Louis Sachar: Well, my biggest passion is bridge. I play duplicate bridge, usually two or three times a week. I often will also go to tournaments around the country.

Q: How did you get into that?
Louis Sachar: I have always enjoyed games, and I met someone after moving to Austin. I met someone who played duplicate bridge, which is a lot different than regular bridge. It is a lot more competitive. I mean, everyone who has played is very serious about the game. And I used to play in chess tournaments. Bridge tournaments are a lot more fun and equally as challenging.

Q: How do you relate to Stanely Yelnats and why do you think kids relate to him?
Louis Sachar: Well, I think every kid, especially when you are in middle school or high school, you feel like it's just a real hard time. You feel like you are not cool enough or you are not smart enough or you are not good enough in sports or you are not good looking enough. And Stanely is sort of the epitome of that. He is an unpopular kid; he has bad luck. Bad as everyone else in his family and he has it worse because he has been convicted of a crime he didn't commit and sent to this horrible place. But you can tell from the things he thinks that he is a nice kid, a smart kid, funny. So I think people can identify with him, and when he rises out of his situation, people rise with him.

Q: Has your idea of what a hero is changed since 9/11?
Louis Sachar: No, no it hasn't. Heroes are just everyday people, just like Stanely or just like the firemen or the policemen.

Q: Any chance of any of your other books becoming movies? Is there talk about that?
Louis Sachar: There is talk about Wayside School becoming a television show, a cartoon. But I don't know if it will happen or not.
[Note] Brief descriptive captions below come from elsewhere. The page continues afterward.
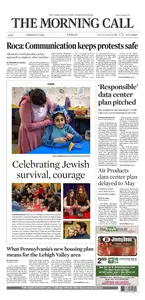 The Morning Call Morning Edition - 27 February 2026
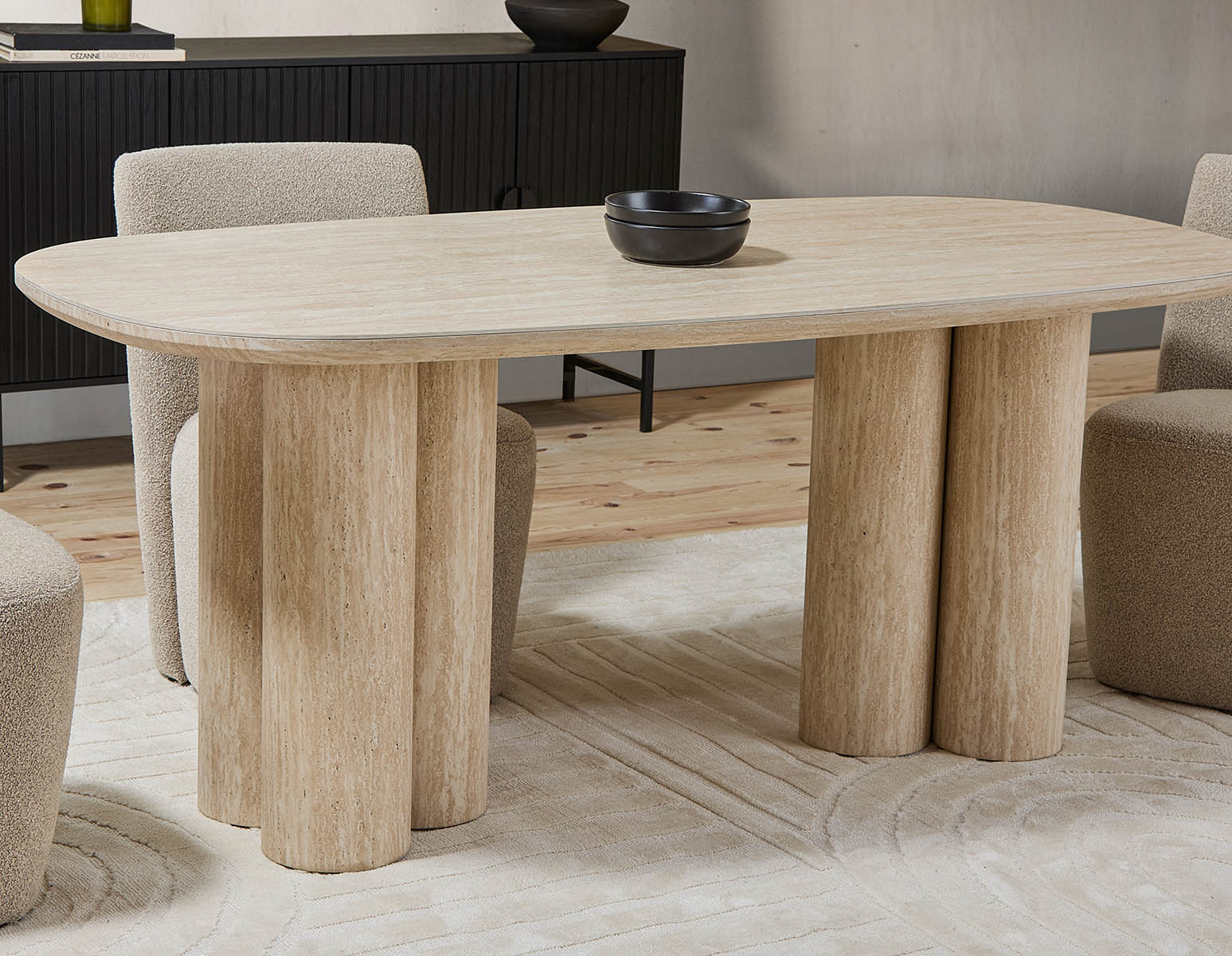 ARVARA — Modern scandinavian dining table 180 cm - Image 10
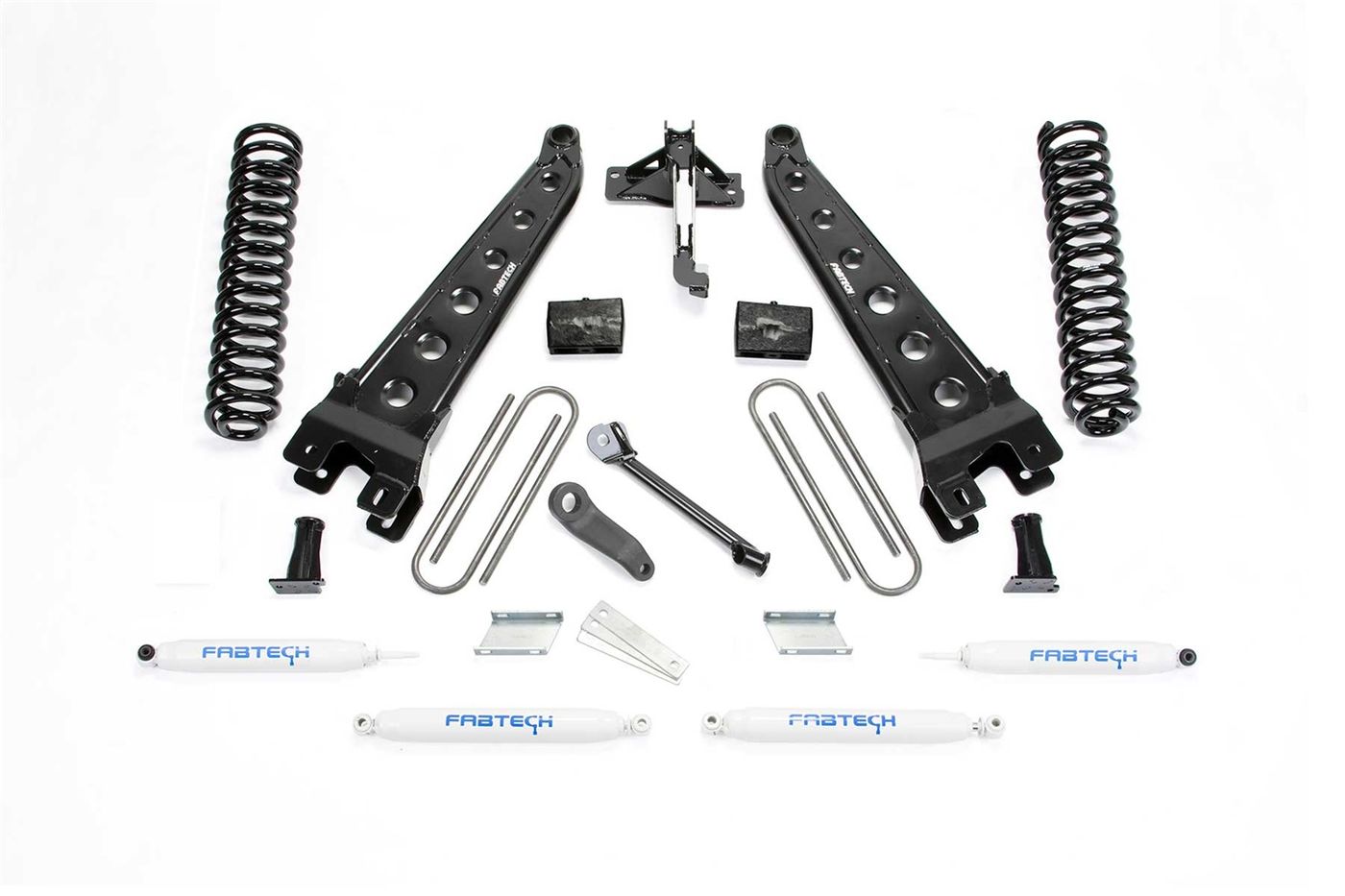 Fabtech 4" Radius Arm Lift System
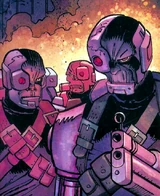 Very Special Forces zombie (Earth-616)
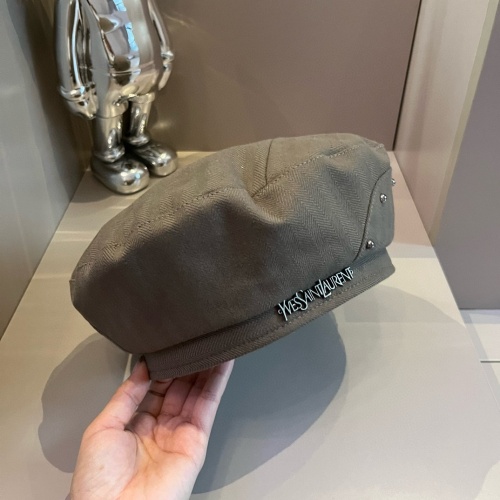 Cheap Yves Saint Laurent YSL Caps #1249061 Replica Wholesale [$34.00 USD] [ITEM#1249061] on Replica Yves Saint Laurent YSL Caps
Q: Wayside School is actually at a lower reading level, right?
Louis Sachar: Yes, but what surprises me is all my books have a wide range of readers. Like, Holes is read in some third-grade classrooms and is read in high school classrooms. And Wayside School, maybe the youngest is second grade or first grade. I mean, probably there are kindergarten classes that read it. But I still get letters from kids in middle school who read it there or write book reports on it in middle school and occasionally high school.